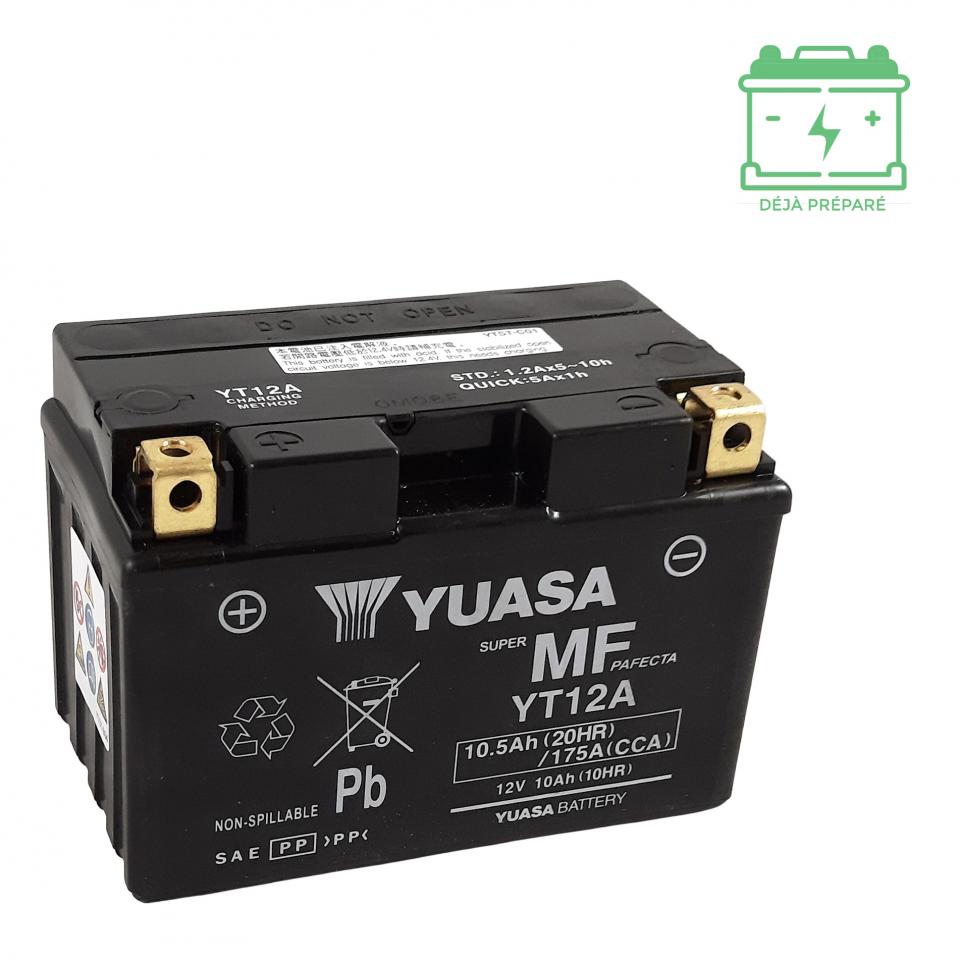 Batterie SLA Yuasa pour Moto Honda 1000 VTR 1997 à 2000 Neuf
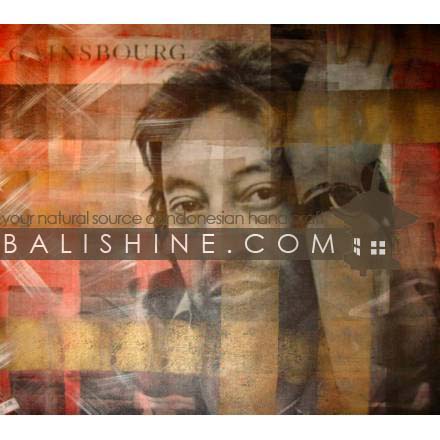 Balishine: Your natural source of indonesian handicraft presents in its Home Decor collection the Painting:17MAG494153:This painting is produced in Bali by artists coming from the Bali art school and from the art village of Ubud. We produced our own canvas to have the highest quality and also import our acrylic colors from germany.  It is made from acrylic-painting on a canvas.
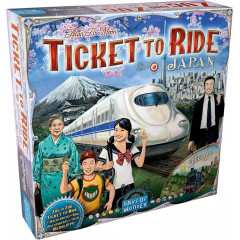 Les Aventuriers du Rail : Italie & Japon (Extension)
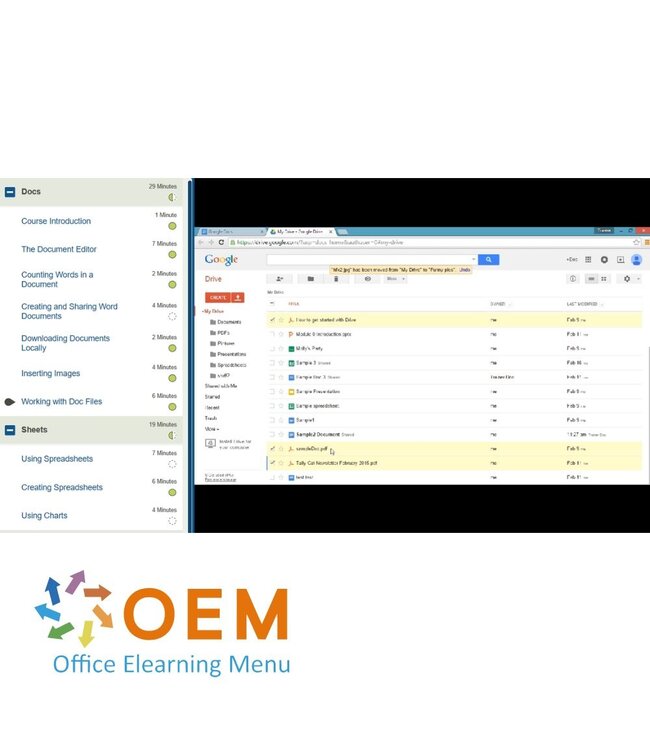 Google Google Apps Course E-Learning
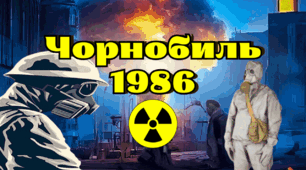 Анімована інтерактивна презентація "Чорнобиль 1986" до Дня пам'яті Чорнобильської трагедії 26 квітня
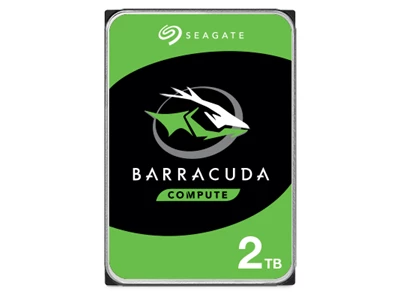 Seagate BarraCuda 2Tb 3.5吋 電腦硬碟 (256Mb 7200rpm SATA3) #sT2000DM008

■ Exercise description
Please give again, word for word, the lines from the one containing "Анімована інтерактивна презентація" through the last line of the listing above, inclusive, and leave out pictures.

■ Solution to this exercise
 Анімована інтерактивна презентація "Чорнобиль 1986" до Дня пам'яті Чорнобильської трагедії 26 квітня
 Seagate BarraCuda 2Tb 3.5吋 電腦硬碟 (256Mb 7200rpm SATA3) #sT2000DM008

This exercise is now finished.